What is a small switch in behavior other people can make, to ease your life as an autistic person?
I would really appreciate it if people would listen to me carefully before they start treating me like a child. I don’t know what impression I give that makes them not take me seriously, but if they listened carefully they would discover that I am a capable and interesting person, with enough agency, preparation, and knowledge to contribute a lot to my relationship with them.
In linguistics studies, the intention to initiate, maintain, interrupt and end communication is known as the phatic function of language. As explained by the literary critic Roman Jakobson, we learn and develop this function during childhood as a way of relating and strengthening bonds with others. It mainly serves to establish a contact between sender and receiver and leaves the quality or substance of the transmitted information in the background. By prioritizing contact and the channel of communication, it is normal that its most common form is the so-called “small talk,” which is a headache for several autistic people since it is used by allistic (non-autistic) people mainly to avoid awkward silences, and to create a type of fragile familiarity with the people around them.
It is so easy to get carried away by the comfort of just talking for the sake of talking without giving importance to the spoken information, that allistic people sometimes forget how to really listen.
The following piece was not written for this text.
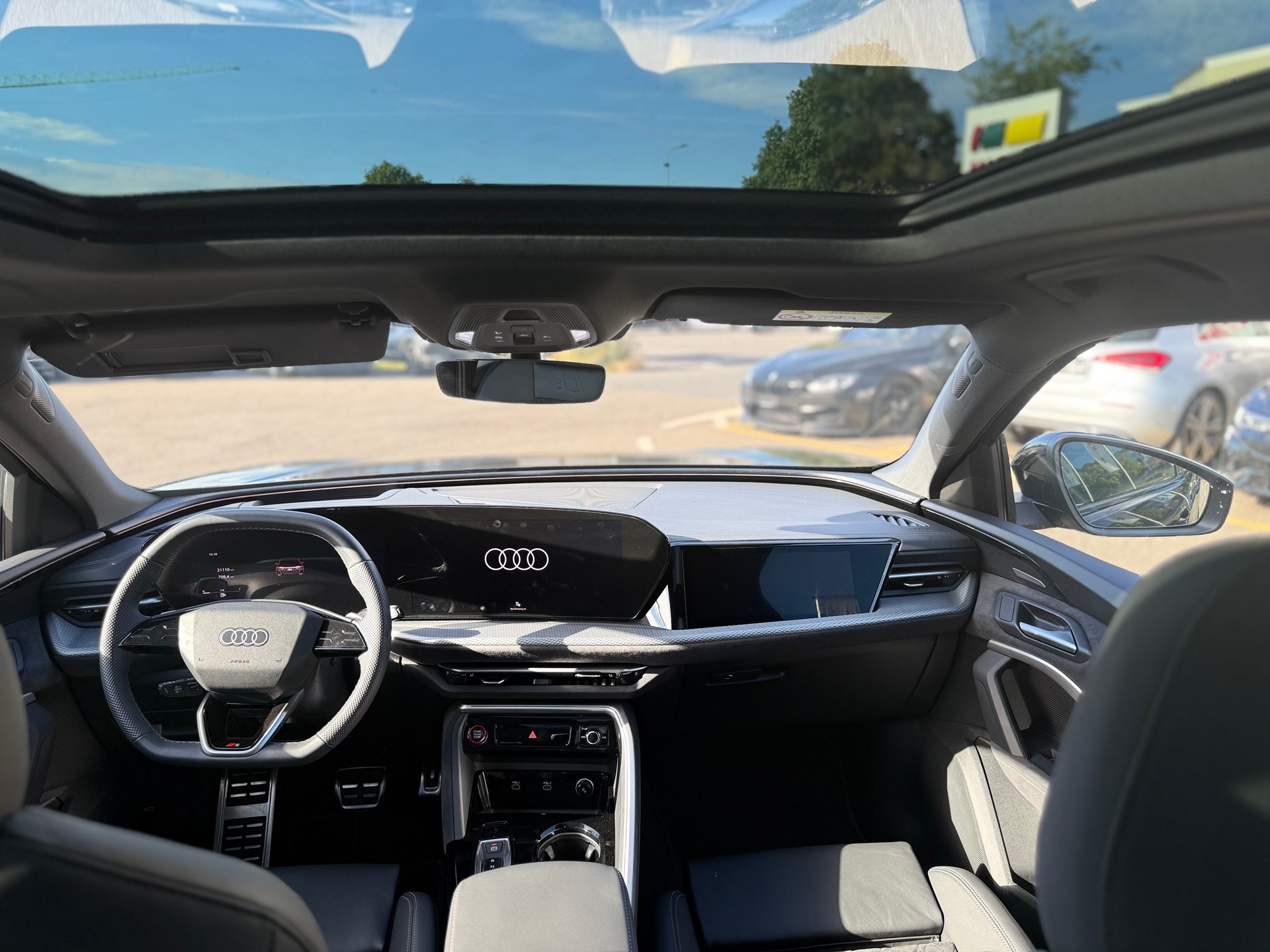 AUDI SQ5 TFSI quattro S-tronic ° Edition One ° All Black °-image-16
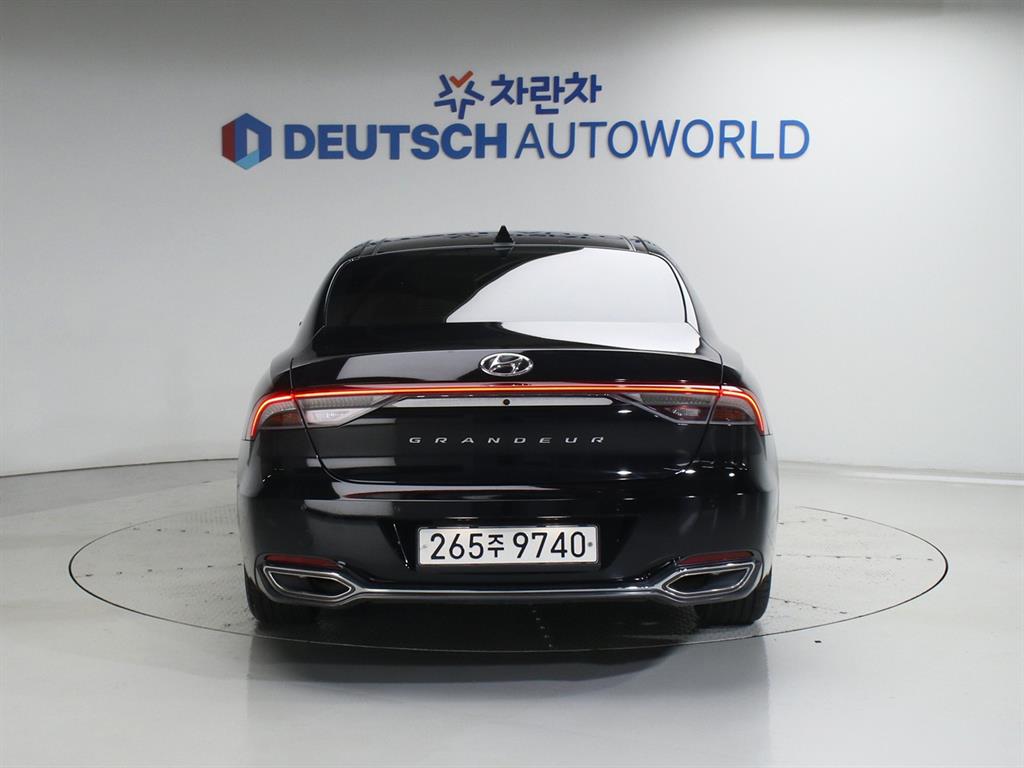 HYUNDAI Grandeur - Vista 7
Although the phatic function indeed allows the quick and comfortable formation of situationships, it is also true that many of what constitutes these acquaintances are prejudices channeled by the easy harmony between shared opinions and biases.
Listening to the things I’m actually saying (or the things autistic people communicate for that matter) before their neurotypical communication “skills” kick in would allow them to bypass their prejudices and biases, and see beyond that infantilized image they immediately generate about me and besides me.
How will this accommodation make your life easier?
My life would be so much easier with this accommodation because it would make people notice me as a potential romantic partner or a friend, a solid candidate for a job, or a whole adult with a series of interests and skills.
What is one thing that brings you joy?
I enjoy being around my friends but just one of them at a time and on different dates and settings doing activities that suit better with their personalities like drinking coffee and talking about books with one, playing card games with another and sharing our special interests with my best friend who’s also autistic.